I’ve built a logistic regression model on discrete data (2 binary predictors, 2 ordinal predictors) and expected that my model summary would only output a single row for the predicted variable, instead it outputs a row for each observation in my dataset.
Is there an error in my code? Or is it what the model predicts given each observation?
with pm.Model() as model:
# priors on parameters
beta_0 = pm.Normal("beta_0", mu=0, sigma=1)

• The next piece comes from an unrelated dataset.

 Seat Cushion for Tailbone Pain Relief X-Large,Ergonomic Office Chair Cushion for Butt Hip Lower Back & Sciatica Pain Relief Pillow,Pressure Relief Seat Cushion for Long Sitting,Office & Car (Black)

a = pm.Normal("A", mu=0, sigma=1)
b = pm.Normal("B", mu=0, sigma=1)
c = pm.Normal("C", mu=0, sigma=1)
d = pm.Normal("D", mu=0, sigma=1)
# probability of belonging to class 1
p = pm.Deterministic("p(Class=1)", pm.math.sigmoid(beta_0+
a*cleaned["A"]+
b*cleaned["B"]+
c*cleaned["C"]+
d*cleaned["D"])
)
with model:
#fit the data
observed = pm.Bernoulli("Class=1", p, observed=cleaned["Predict"])
start = pm.find_MAP()
step = pm.Metropolis()
#samples from posterior distribution
trace = pm.sample(25000, step=step, initvals=start)
Also, the model trace shows alot of variability in the predicted variable distribution. Does this indicate that my model is a poor fit, or rather that there’s alot of uncertainty in the predictions?
Any feedback is greatly appreciated